O Parlamento Europeu (PE) aprova quinta-feira, em Estrasburgo, a estratégia da União Europeia (UE) para a conferência da Organização das Nações Unidas (ONU) sobre alterações climáticas, que se realiza em Dezembro, em Bali, na Indonésia.
A estratégia foi proposta pela Comissão Europeia (CE) e apresentada pelo seu presidente Durão Barroso, merecendo o apoio do Conselho de Ministros do Ambiente dos 27, presidido actualmente por Portugal. “O documento é bastante equilibrado, incidindo na necessidade de todos os países assumirem compromissos claros”, disse à Lusa a eurodeputada socialista e ex-ministra do Ambiente Elisa Ferreira, que integra a Comissão Temporária sobre as Alterações Climáticas do PE.
Assim, considerou, os países ricos, como os Estados Unidas da América (EUA),que não assinaram o protocolo de Quioto, devem comprometer-se com claras reduções das emissões de gases poluentes, bem como a China, Índia e Brasil.
Recordando o “papel pioneiro” que a UE tem na luta contra as alterações climáticas, Elisa Ferreira propõe que se comece a trabalhar “em compromissos sectoriais a nível mundial”.
A eurodeputada defende a necessidade destes compromissos, nomeadamente, em sectores onde a UE poderá enfrentar concorrência desleal de países que não lhes imponham quotas de redução de emissões de dióxido de carbono (CO2), como a siderurgia ou a indústria automóvel.

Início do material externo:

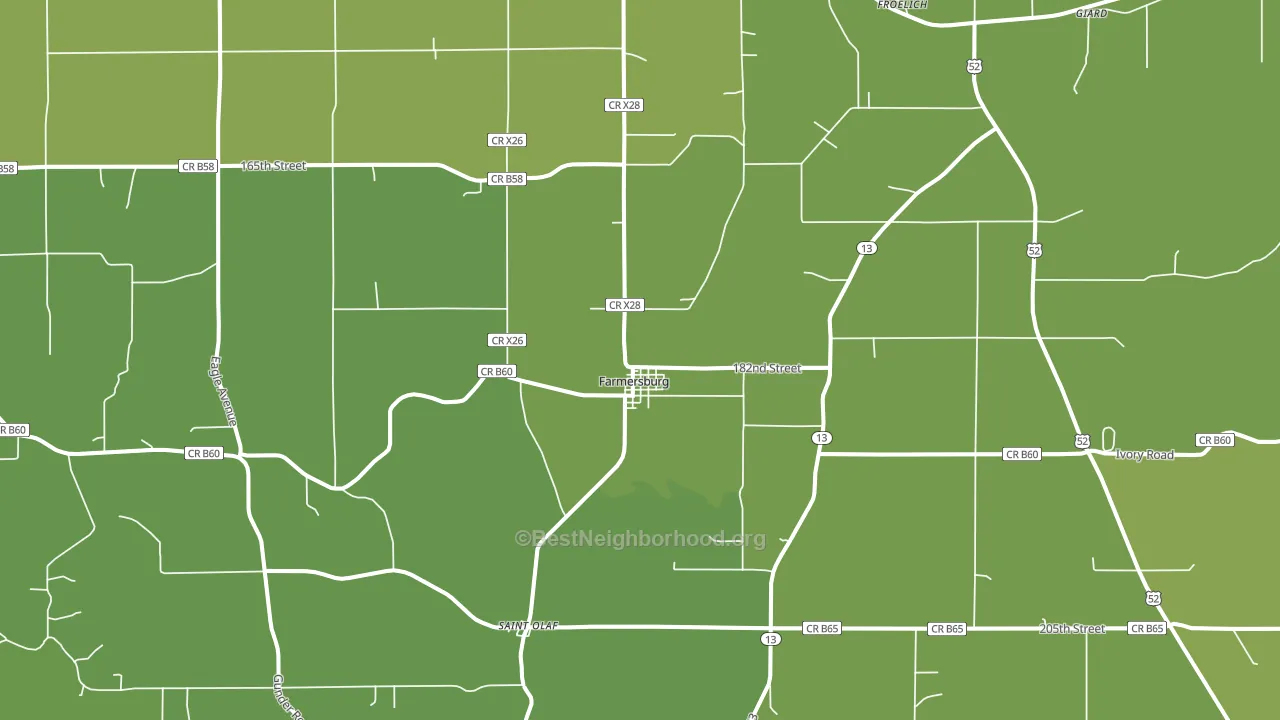 52047, IA block-group voter-turnout map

Uma solução poderá ser, no futuro, a definição de comércios sectoriais de licenças de emissão de gases com efeito de estufa a nível mundial.
O eurodeputado social-democrata Duarte Freitas, também membro da comissão temporária, considerou que sem a adesão dos EUA e de economias emergentes como a China e Índia não será possível lutar contra as alterações climáticas.

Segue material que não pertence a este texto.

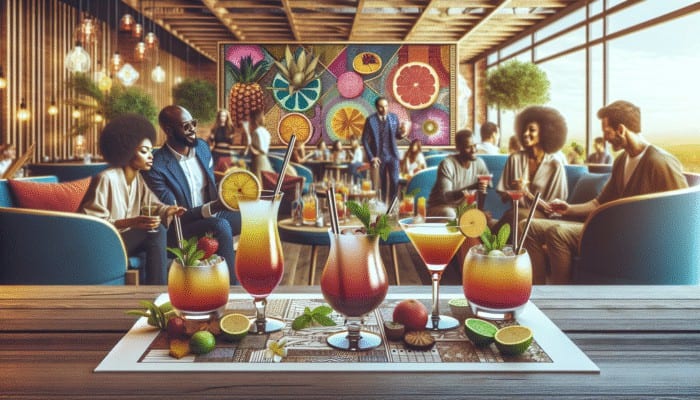 Colorful non-alcoholic mocktails with fruits and herbs at Franklin Lounge Delano, enjoyed by diverse patrons in a lively daytime atmosphere.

Destacando o “papel pró-activo” da UE, lembra que o protocolo de Quioto foi negociado em 2002. “Quando chegarmos a 2020, o cenário será muito diferente”, sublinhou. “Esta é uma matéria concreta em que se vê que a UE tem condições para liderar”, adiantou também, referindo que os europeus estão sensibilizados para o cumprimento de “objectivos ambiciosos”.
No texto que será levado a Bali, a UE apela aos países industrializados para que contribuam “para o esforço global” de estabilizar os níveis de gases com efeito de estufa na atmosfera num nível consistente com o objectivo de não aumentar mais de dois graus Celsius a temperatura global, em relação a 1990.
Os 27 pedem ainda para que todos contribuam para o crescimento de uma economia de baixo-carbono, nomeadamente através da investigação científica no âmbito das energias limpas e nas renováveis.
A criação de um mercado global de carbono é outra das medidas que serão apresentadas pelo bloco europeu – liderado por Portugal – em Bali, na Convenção-Quadro da ONU sobre as Alterações Climáticas, que terá lugar na ilha indonésia, de três a 14 de Dezembro, e onde será discutido o período pós-Quioto.
O Protocolo de Quioto, cuja vigência termina em 2012, impõe à UE uma redução das emissões de oito por cento, entre 2008 e 2012, em relação a 1990.
Além do compromisso de reduzir em pelo menos 20 por cento até 2020 (em relação a 1990) a emissão de gases com efeito de estufa, principalmente o CO2, a posição comum dos 27 Estados da UE em Bali irá ainda chamar a atenção para o problema da gestão sustentável dos solos e o combate à desflorestação e a defesa da biodiversidade, entre outros temas.